As John Rennie points out, the picture of an electron in an orbital breaks down in multielectron atoms because of electron correlations. However, you can still assign a "fraction" of an electron to an orbital by diagonalizing the reduced one-particle density matrix (1RDM) of the system. This matrix is Hermitian, positive semi-definite, has eigenvalues $n_i \leq 1$, and describes the total electronic density of the system as
\rho (r) = \sum \limits_i n_i \psi_i^*(r) \psi_i(r)
where $\psi_i (r)$ are the orbitals. Thus, $n_i$ is the "occupation number" of orbital $\psi_i$ and describes how much on average an electron is in that orbital.
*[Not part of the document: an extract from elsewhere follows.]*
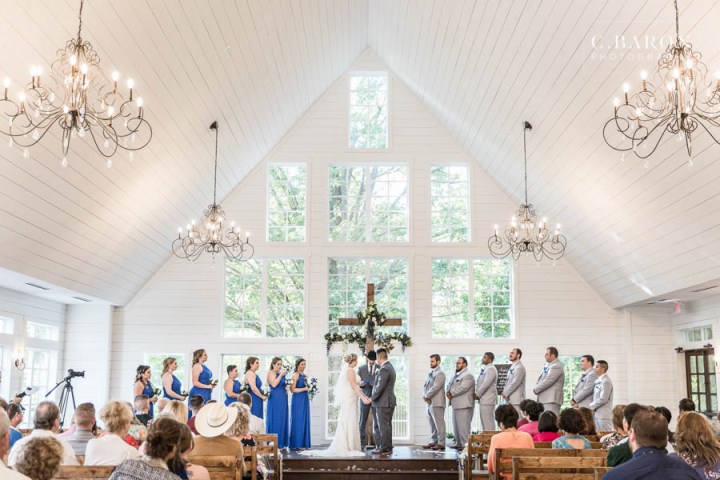 Fun summer wedding at the Carriage House in Conroe Texas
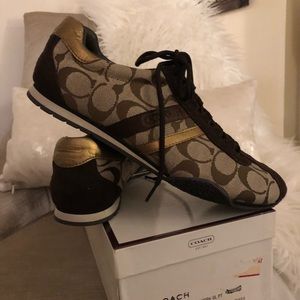 Ladies COACH brown & gold KATELYN sneakers size 8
Now, with respect to your question:
"In chemistry, we often say that an electron is in an orbital (such as 1s, 2s), another electron is in another orbital, etc. How does it make sense if an electron is in a linear combination state?" Well, it makes sense because often we find that there are $N_e$ (number of electrons) eigenvalues $n_i$ which are very close to one, while the rest of the eigenvalues are very small. The reason for this is that the exact wavefunction is an infinite sum of Slater determinants (i.e., an antisymetric function which describes one electron configuration) considering all possible configurations. However, because of the variational principle, configurations which are very high in energy contribute very little to the wavefunction and hence have small weights $n_i$.
There are cases in which the eigenvalues of the 1RDM differ significantly from one or zero. This occurs if there are different possible configurations that are similar in energy. For example, in transition metals, configurations involving 4s or 3d orbitals are very close in energy. This is the reason for which the configurations predicted by the aufbau principle break down for these elements.